# Homework Help: Point on a Curve

1. Jan 20, 2009

### jgens

1. The problem statement, all variables and given/known data

A particle moves along a path described by y = 4 - x^2. At what point along the curve are x and y changing at the same rate

2. Relevant equations

Simple equations regarding derivatives.

3. The attempt at a solution

It's been a while before I've done any related rates problems, could someone please let me know if this is correct:

Since, x and y must be changing at the same rate (presumably with respect to time) x' = y' and y' = -2xx'. Therefore, -2x = 1 and x = -1/2. Placing my x value into the original equation yields 15/4. Hence, the point is (-1/2, 15/4).

Thanks.

2. Jan 20, 2009

### mrdoe

SEEMS correct...

3. Jan 20, 2009

### Dick

Of course, it's right.
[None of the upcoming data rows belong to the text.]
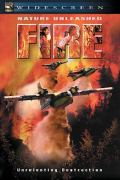 Película Fire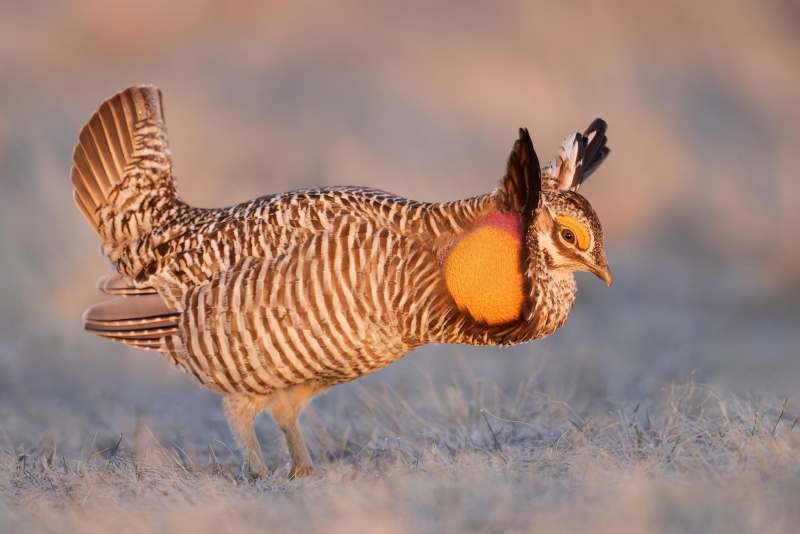 Greater-Prairie-Chicken-3200-A-male-displaying-_A938950-Fort-Pierre-National-Grasslands-SD-Enhanced-NR
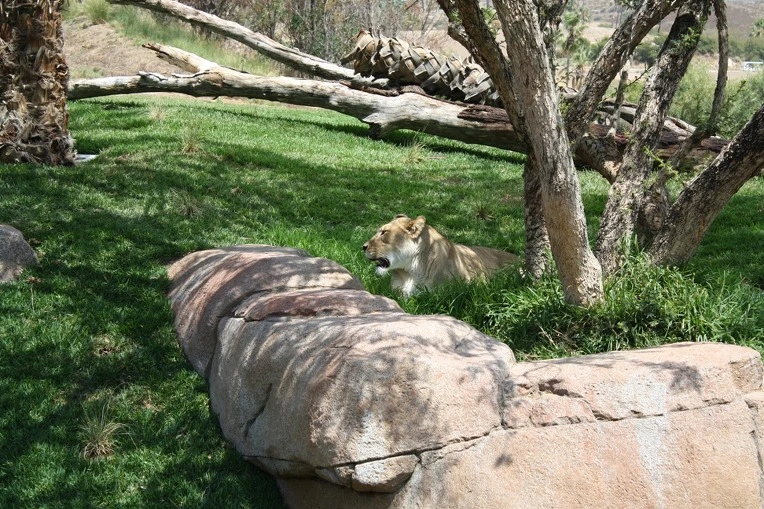 131DD1434E12ADEC1C8254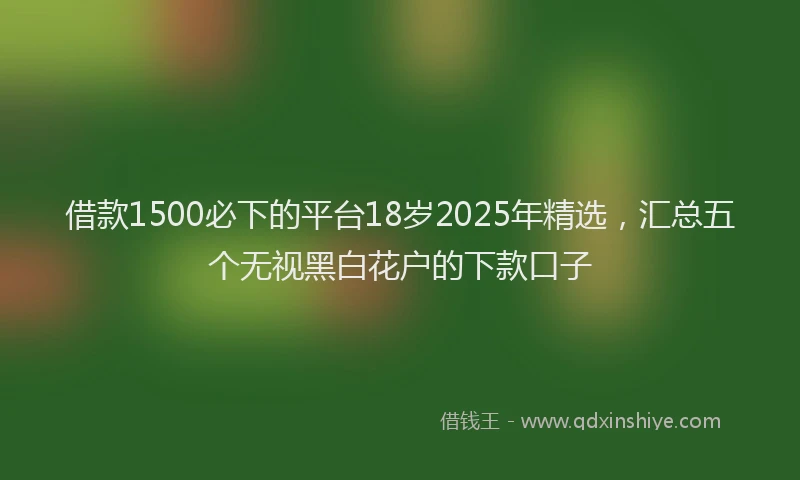 借款1500必下的平台18岁2025年精选，汇总五个无视黑白花户的下款口子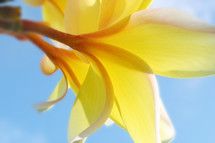  underside of frangipani plumeria with softness, tropical flower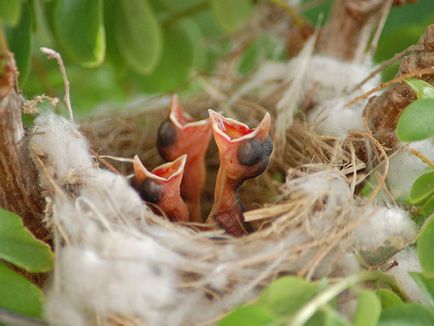 Porumbei și puii lor mici arata ca fotografie tânără
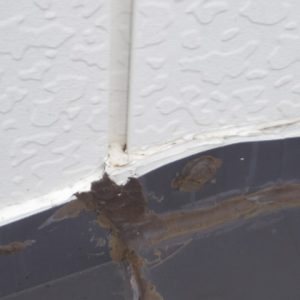 壁からの雨漏れ箇所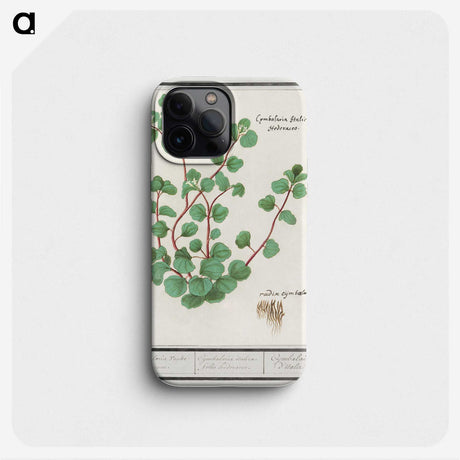 3-35_Anselmus-Boetius-de-Boodt_phone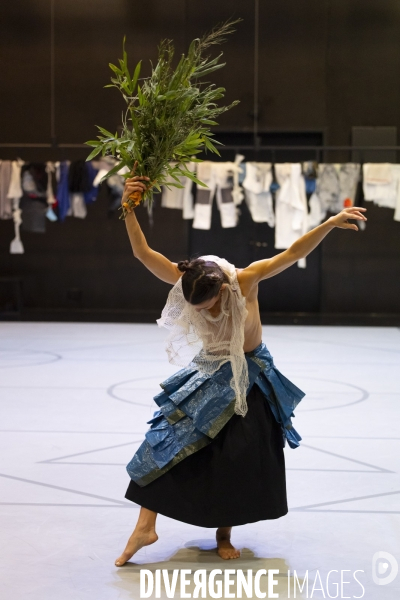 PARTERRE de Volmir Cordeiro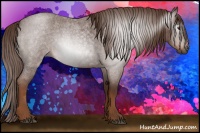 Horse Color:Gray Red Roan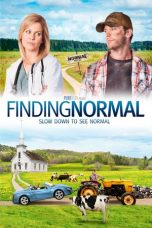 Finding Normal (2013) BluRay 480p & 720p Free HD Movie Download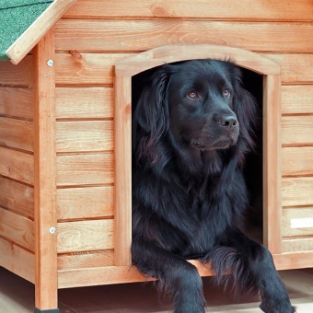 Kerbl Hundehütte Cosy.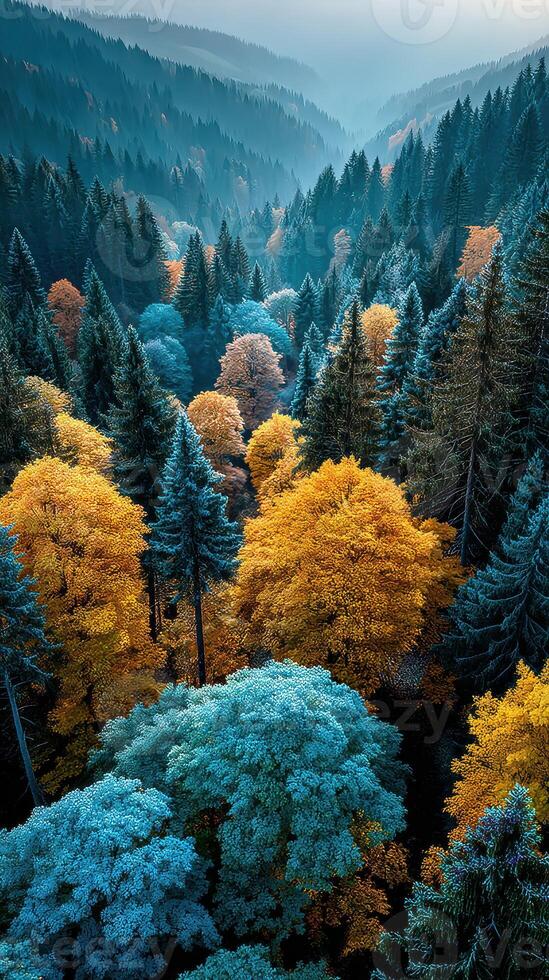 Vibrant forest landscape showcases autumn colors in a serene mountainous region under soft morning light photo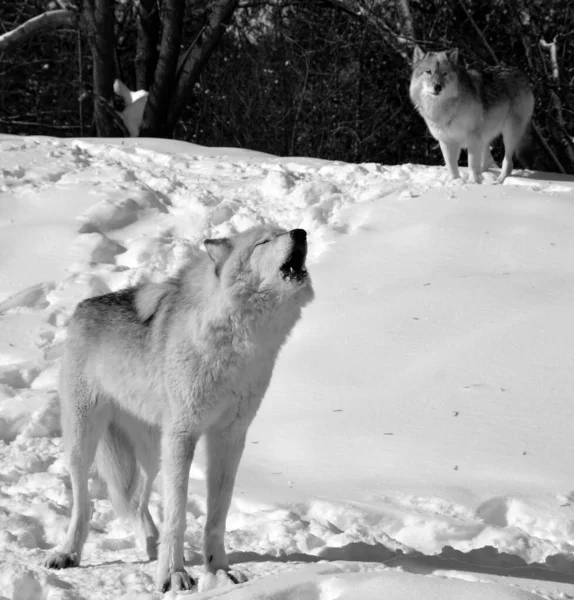 Close Shot Beautiful Wild Wolf Winter Landscape — Φωτογραφία Αρχείου
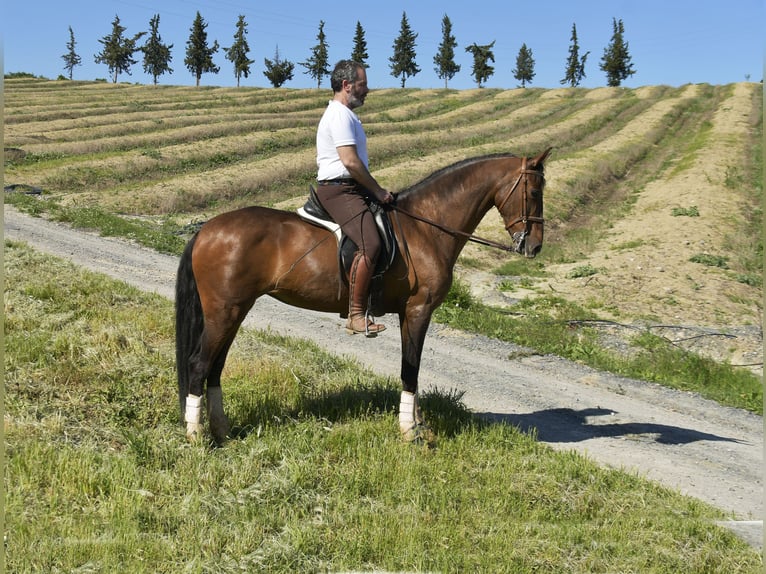 Spanisches Sportpferd Mix Stute 11 Jahre 161 cm Brauner in Galaroza (Huelva)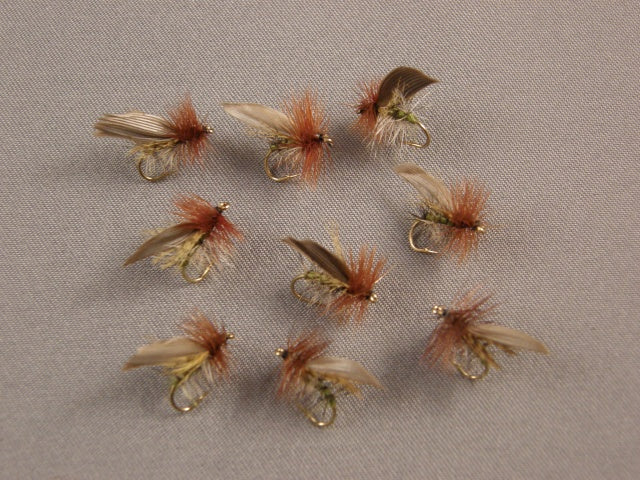 Henryville Caddis, Olive grouped 2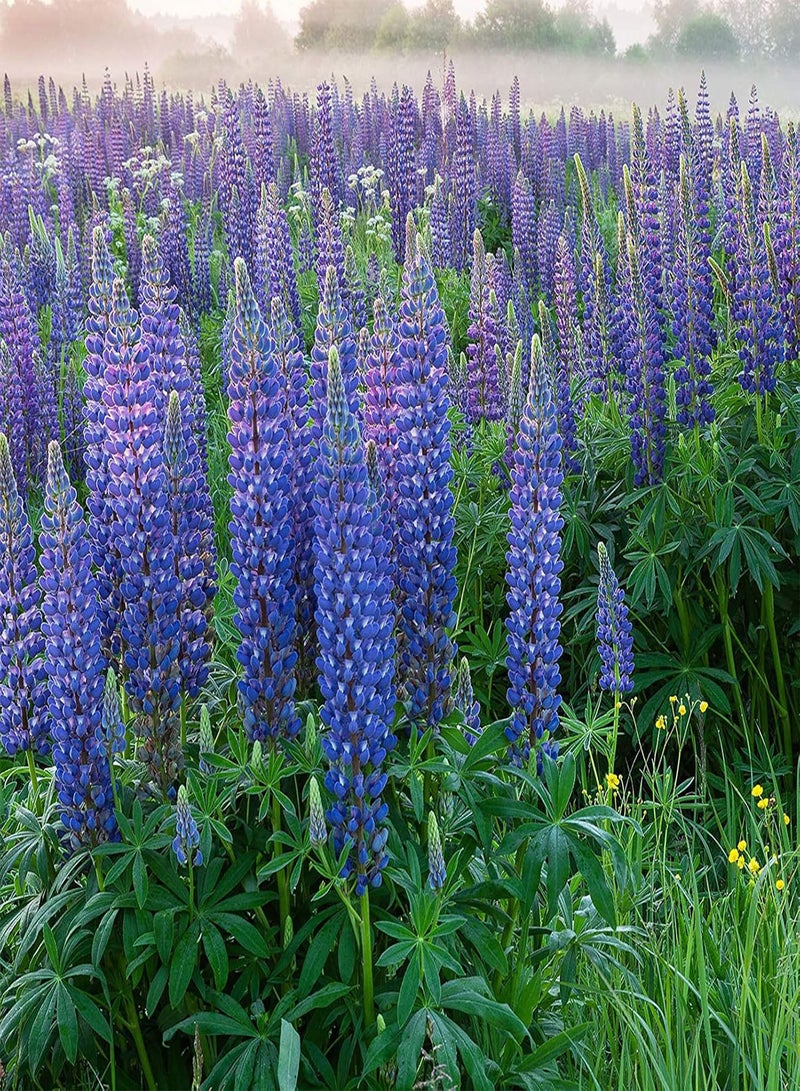 GGOOT seeds Green Garden Flower Plants 100Pcs/Bag Lupine Seeds Natural Large Water Demand Purple Flower Eco Friendly Lupine Seeds for Window   Lupine Seeds - Image 5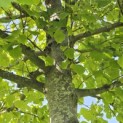 Tilia x europaea 'Pallida' - Foto 3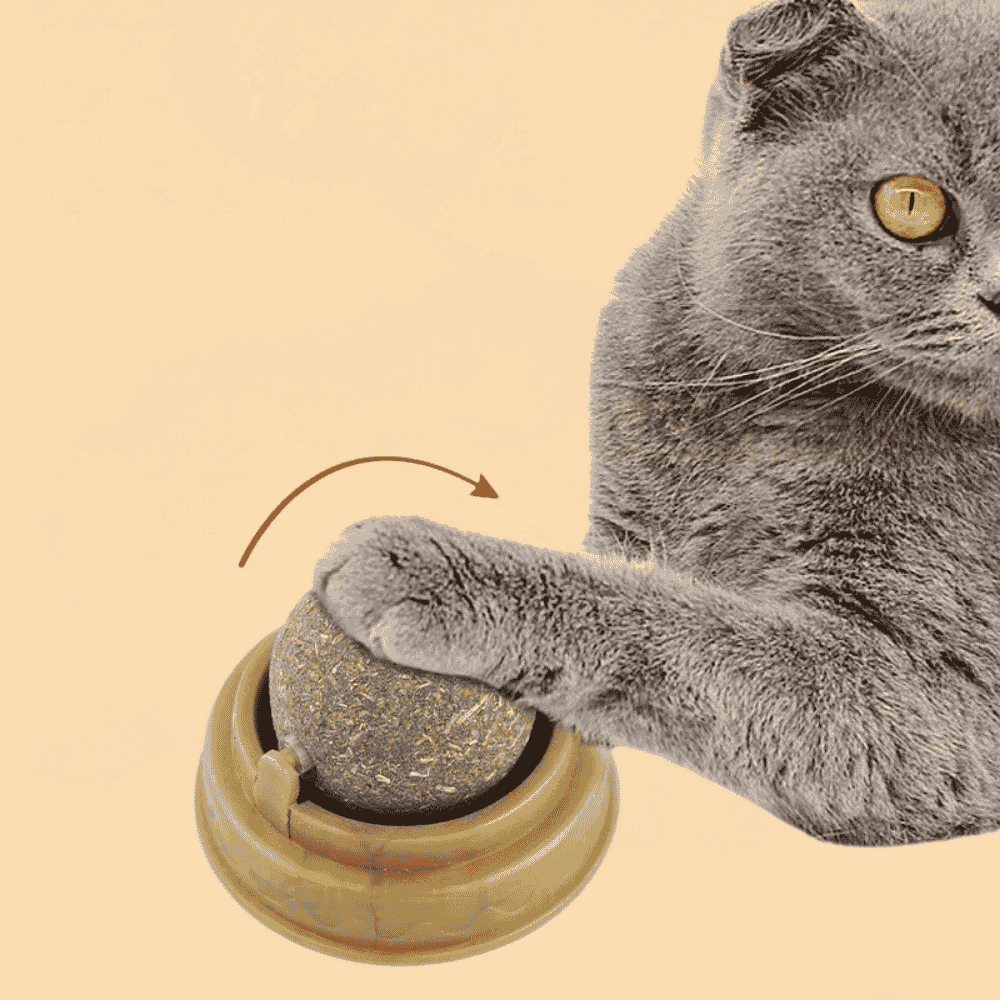 Bola de Catnip Natural de Parede para Gatos Digestão Saudável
What could go wrong?

4. Jan 20, 2009

### jgens

Plenty, I could have made an incorrect assumption ultimately leading to false conclusions.

5. Jan 20, 2009

### quasar987

Good answer but you do not need to assume that x and y are varying wrt an external parameter. The derivative y'(x) = dy/dx of y wrt x expresses the instantaneous rate of change of y wrt a change in x.

The points where y and x are changing at the same rate are those where y'(x)=1.